Upgrade Authorization with Ossification

/**
 * @notice Authorize upgrade (UUPS pattern)
 * @dev Respects ossification stage
 */
function _authorizeUpgrade(address newImplementation)
    internal
    override
    onlyRole(GOVERNOR_ROLE)
{
    if (currentStage == GovernanceStage.OSSIFIED) {
        revert ContractIsOssified();  // ✅ Cannot upgrade when ossified
    }
    // If not ossified, upgrade allowed (caller has GOVERNOR_ROLE)
}

View Functions

/**
 * @notice Check if contract can be upgraded
 * @return Whether contract is not ossified
 */
function canUpgrade() external view returns (bool) {
    return currentStage != GovernanceStage.OSSIFIED;
}

/**
 * @notice Get governance stage information
 * @return stage Current governance stage
 * @return governor Current governor address
 * @return canBeUpgraded Whether upgrades are allowed
 */
function getGovernanceInfo()
    external
    view
    returns (
        GovernanceStage stage,
        address governor,
        bool canBeUpgraded
    )
{
    stage = currentStage;
    canBeUpgraded = (currentStage != GovernanceStage.OSSIFIED);

    if (currentStage == GovernanceStage.BOOTSTRAP) {
        governor = bootstrapGovernor;
    } else if (currentStage == GovernanceStage.MULTISIG) {
        governor = guardianMultisig;
    } else if (currentStage == GovernanceStage.DAO) {
        governor = daoGovernor;
    } else {
        governor = address(0);  // Ossified, no governor
    }
}

Benefits

• Progressive Decentralization: Gradual transition from team to community
• Fail-Safe: Multisig provides safety net during transition
• Transparency: All stages tracked on-chain with events
• One-Way: Cannot revert to previous stages (prevents governance capture)
• Ultimate Immutability: Ossification provides final trust guarantee

Timeline Example

Month 0:   Deploy (BOOTSTRAP stage)
           - Team has full control
           - Rapid iteration and bug fixes
           - User onboarding and testing

Month 6:   Transition to MULTISIG
           - Transfer to 3-of-5 or 5-of-9 guardian multisig
           - Slower, more deliberate governance
           - Build confidence and track record

Month 12:  Transition to DAO
           - Transfer to community DAO (on-chain governance)
           - Community votes on upgrades
           - Full decentralization achieved

Month 24:  Ossify (OSSIFIED stage)
           - Freeze contract forever
           - No more upgrades possible
           - Ultimate immutability achieved
           - Users have absolute trust in code

Pattern 3: Immutable Registry Pattern

Description

Critical infrastructure contracts (registries, namespaces) are deployed as immutable, non-upgradeable contracts.

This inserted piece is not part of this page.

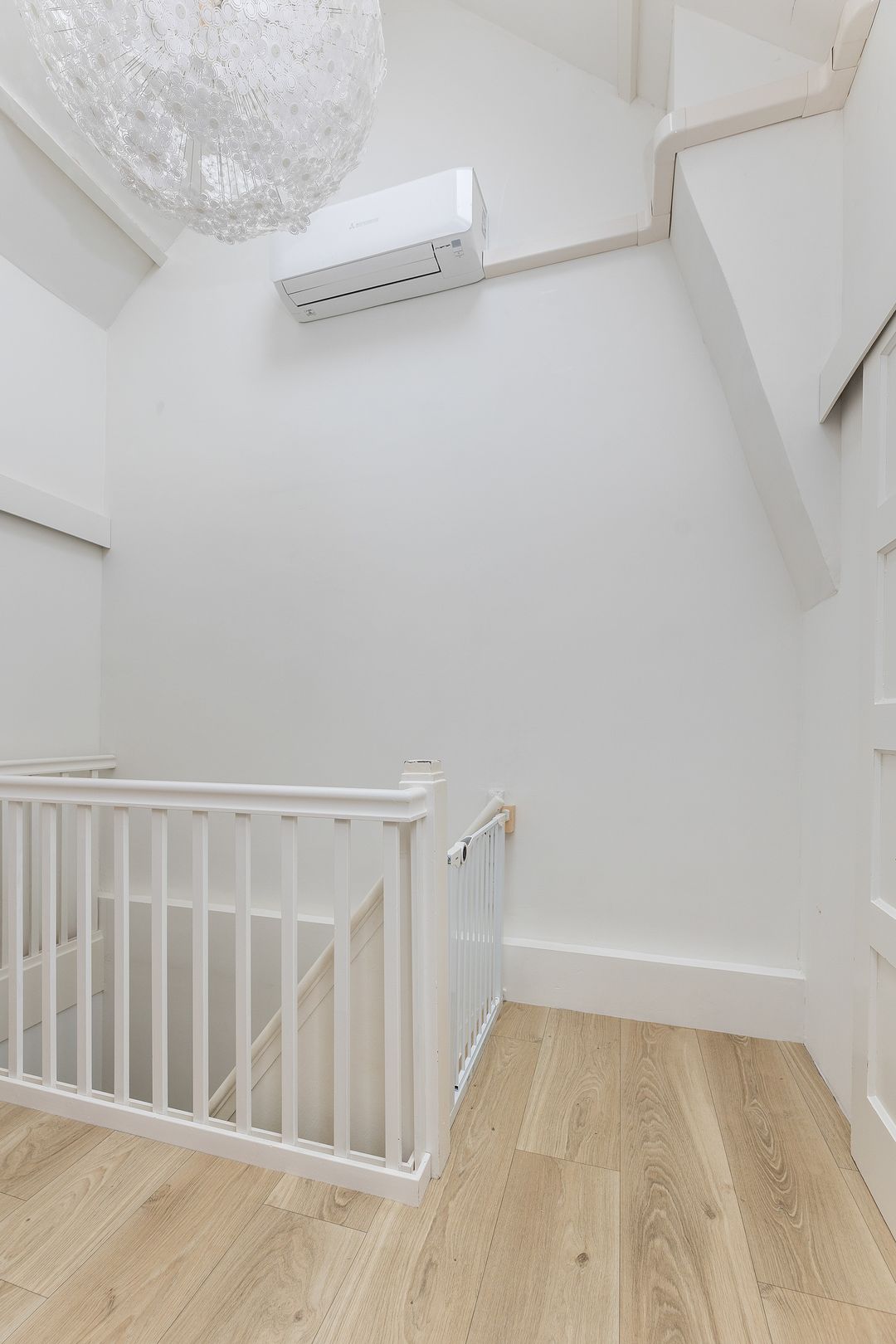 Photo 47 of Koningin Wilhelminastraat 39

Once deployed, their behavior can never change, providing ultimate trust guarantees.

Immutable Contracts

CapabilityNamespace_Immutable.sol

contract CapabilityNamespace_Immutable {
    // NO UUPS inheritance
    // NO initializer
    // NO upgrade function
    // ALL STATE VARIABLES ARE CONSTANTS

    string public constant VERSION = "7.0.0";

    uint256 public constant CORE_VIEW = 1 << 0;
    uint256 public constant CORE_CLAIM = 1 << 1;
    // ... all capabilities defined as constants

    // Pure functions only (no state changes)
    function hasCapability(uint256 granted, uint256 required)
        external
        pure
        returns (bool)
    {
        return ((granted & CORE_ADMIN) != 0) || ((granted & required) == required);
    }
}

AttestationProviderRegistry_Immutable.sol

contract AttestationProviderRegistry_Immutable is AccessControl {
    // NO UUPS inheritance
    // Uses constructor (not initializer)
    // Cannot be upgraded after deployment

    constructor(address _governor) {
        if (_governor == address(0)) revert ZeroAddress();
        _grantRole(DEFAULT_ADMIN_ROLE, _governor);
        _grantRole(GOVERNOR_ROLE, _governor);
    }

    // State variables for mutable data
    mapping(bytes32 => ProviderInfo) public providers;

    // But contract logic itself is immutable
}

Why Immutable Registries?

Capability Namespace (CapabilityNamespace_Immutable):

• Capability bit positions must NEVER change
• Bit 7 always means CORE_ADMIN, forever
• Changing would break ALL attestations across ALL time
• Must be immutable for consistency

Provider Registry (AttestationProviderRegistry_Immutable):

• Code hash verification logic must be trustworthy
• Cannot be upgraded to malicious logic
• Graceful degradation pattern must be reliable
• Must be immutable for security

Verifier Registry (IntegraVerifierRegistry_Immutable):

• ZK verifier addresses must be trustworthy
• Code hash verification must work correctly
• Cannot risk malicious upgrade
• Must be immutable for proof integrity

Resolver Registry (IntegraResolverRegistry_Immutable):

• Resolver lookup must be reliable
• Code hash verification must work
• Cannot risk DOS via malicious upgrade
• Must be immutable for service continuity

Hybrid Model

UPGRADEABLE (UUPS with ossification):
├── AttestationAccessControl (can evolve, will ossify)
├── EASAttestationProvider (can add features, will ossify)
├── BaseTokenizer + concrete tokenizers (can add types, will ossify)
├── IntegraMessage (can evolve, will ossify)
├── IntegraSignal (can evolve, will ossify)
└── IntegraExecutor (can evolve, will ossify)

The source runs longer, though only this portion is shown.